West Virginia is already struggling to keep experienced people working for the state. We should strengthen retention and trust, not create new fault lines within the workforce.
This bill draws a hard line at $75,000 and treats state employees differently based on that number. It offers certain Tier II employees who retire under $75,000 access to benefits such as the use of accrued sick/annual leave for retirement credit and the Rule of 80.
But it also does something that alarms me: it exempts any employee earning $75,000 or more from classified civil service coverage, effective July 1, 2026.

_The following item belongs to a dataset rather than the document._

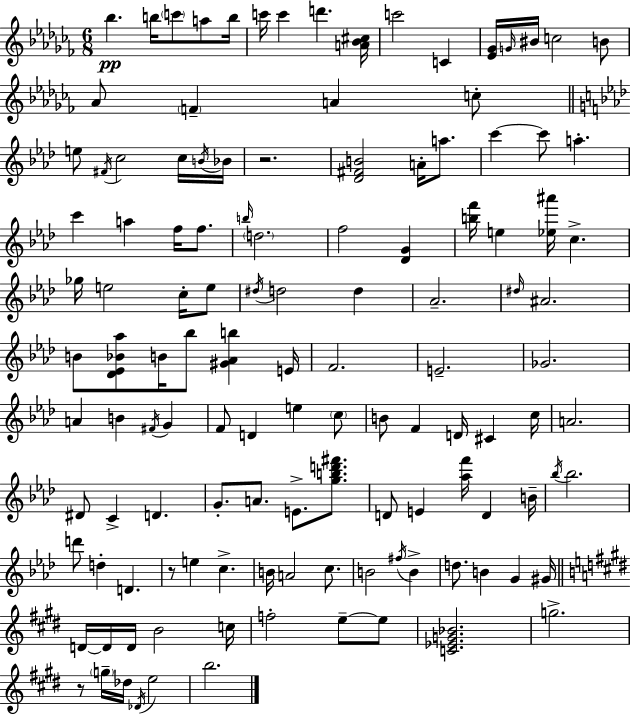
Bb5/q. B5/s C6/e A5/e B5/s C6/s C6/q D6/q. [A4,Bb4,C#5]/s C6/h C4/q [Eb4,Gb4]/s G4/s BIS4/s C5/h B4/e Ab4/e F4/q A4/q C5/e E5/e F#4/s C5/h C5/s B4/s Bb4/s R/h. [Db4,F#4,B4]/h A4/s A5/e. C6/q C6/e A5/q. C6/q A5/q F5/s F5/e. B5/s D5/h. F5/h [Db4,G4]/q [B5,F6]/s E5/q [Eb5,A#6]/s C5/q. Gb5/s E5/h C5/s E5/e D#5/s D5/h D5/q Ab4/h. D#5/s A#4/h. B4/e [Db4,Eb4,Bb4,Ab5]/e B4/s Bb5/e [G#4,Ab4,B5]/q E4/s F4/h. E4/h. Gb4/h. A4/q B4/q F#4/s G4/q F4/e D4/q E5/q C5/e B4/e F4/q D4/s C#4/q C5/s A4/h. D#4/e C4/q D4/q. G4/e. A4/e. E4/e. [G5,B5,D6,F#6]/e. D4/e E4/q [Ab5,F6]/s D4/q B4/s Bb5/s Bb5/h. D6/e D5/q D4/q. R/e E5/q C5/q. B4/s A4/h C5/e. B4/h F#5/s B4/q D5/e. B4/q G4/q G#4/s D4/s D4/s D4/s B4/h C5/s F5/h E5/e E5/e [C4,Eb4,G4,Bb4]/h. G5/h. R/e G5/s Db5/s Db4/s E5/h B5/h.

That is a major change in protections and accountability. Classified coverage is part of what keeps state service stable, fair, and less vulnerable to favoritism and political churn. Cutting people out of that system because they earn over an arbitrary threshold is disrespectful, and it sends a clear message that performance and experience do not earn security; they earn fewer protections.
I am also concerned about clarity. The bill repeatedly hinges on the phrase “retire making less than $75,000,” and the stakes are high if that language is interpreted differently across agencies or job classifications.
When a bill changes benefits and civil service status, the language needs to be unmistakable and consistently applied.
If lawmakers want to improve Tier II retirement fairness, do that directly. Do not pair it with a provision that weakens civil service protections and risks driving more skilled employees away. Please vote no on HB 4442.